WORK ORDER: Render every line of the data exactly as written, and leave out the pictures.

DATA PROVIDED:

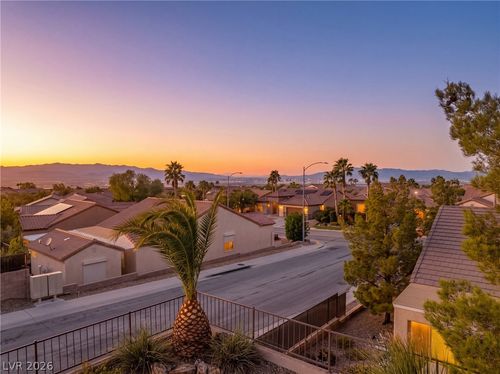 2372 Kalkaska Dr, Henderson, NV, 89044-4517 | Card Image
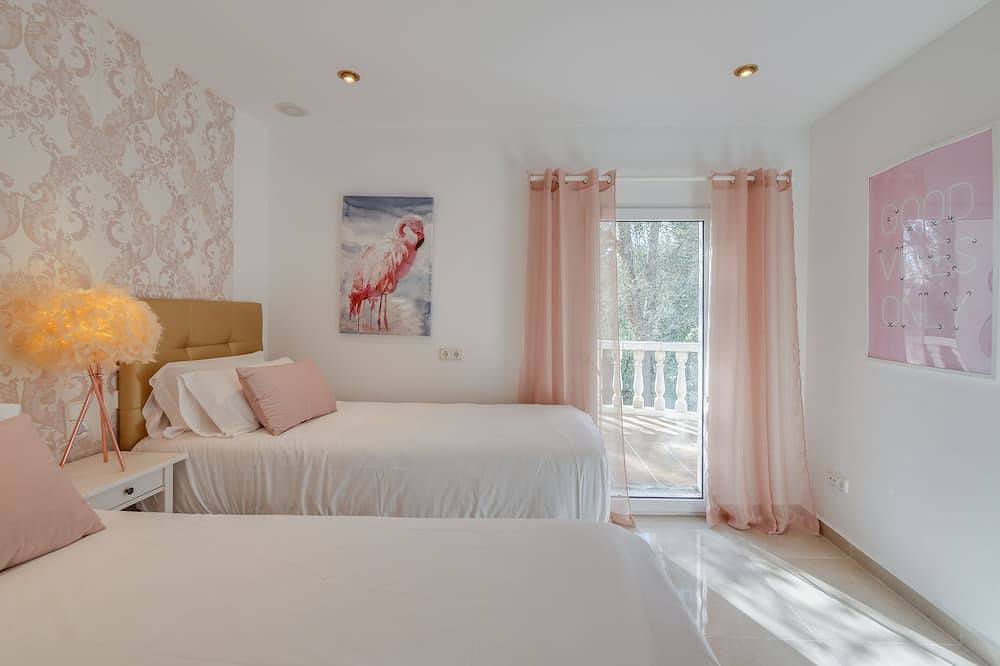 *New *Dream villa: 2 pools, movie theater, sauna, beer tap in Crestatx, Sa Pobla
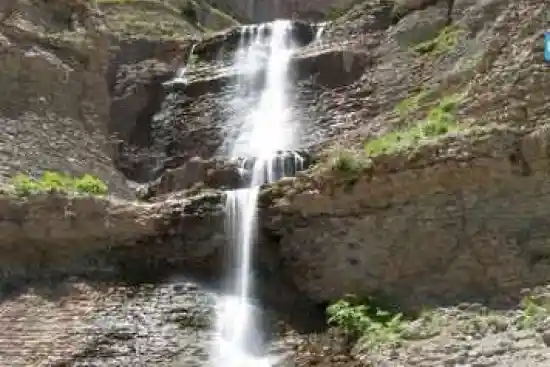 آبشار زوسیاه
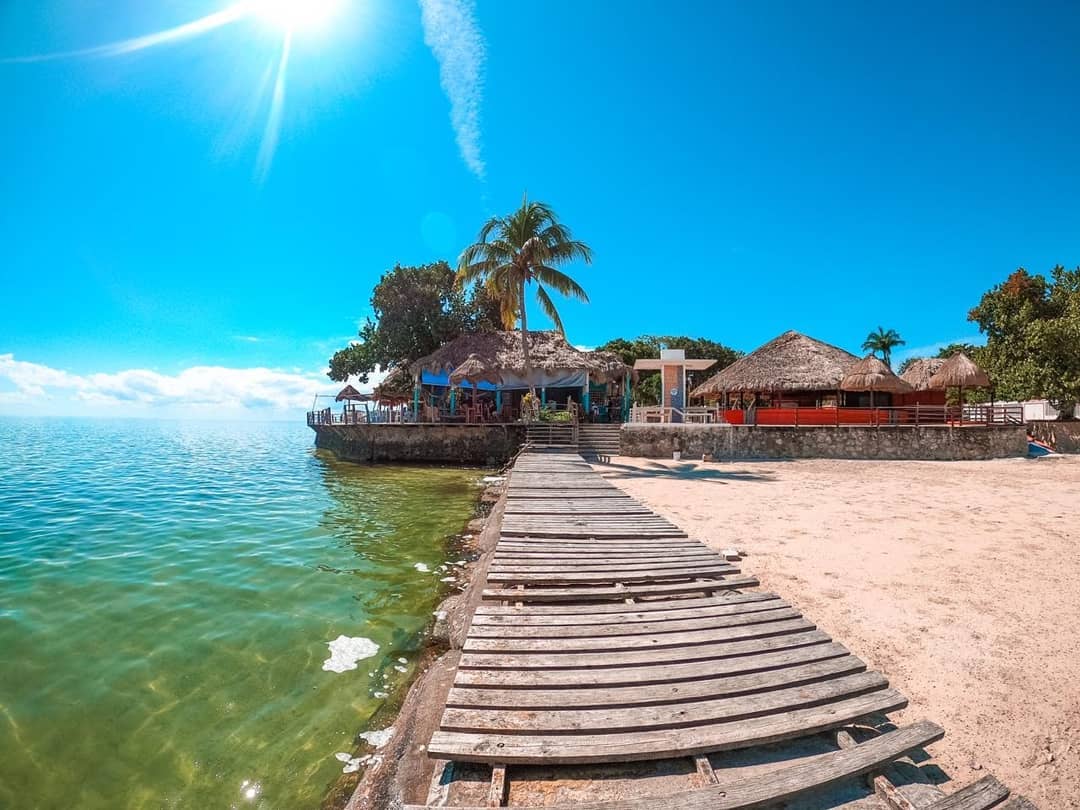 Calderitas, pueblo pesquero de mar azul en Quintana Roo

RESULT FOR THIS EXERCISE:
 2372 Kalkaska Dr, Henderson, NV, 89044-4517 | Card Image
 *New *Dream villa: 2 pools, movie theater, sauna, beer tap in Crestatx, Sa Pobla
 آبشار زوسیاه
 Calderitas, pueblo pesquero de mar azul en Quintana Roo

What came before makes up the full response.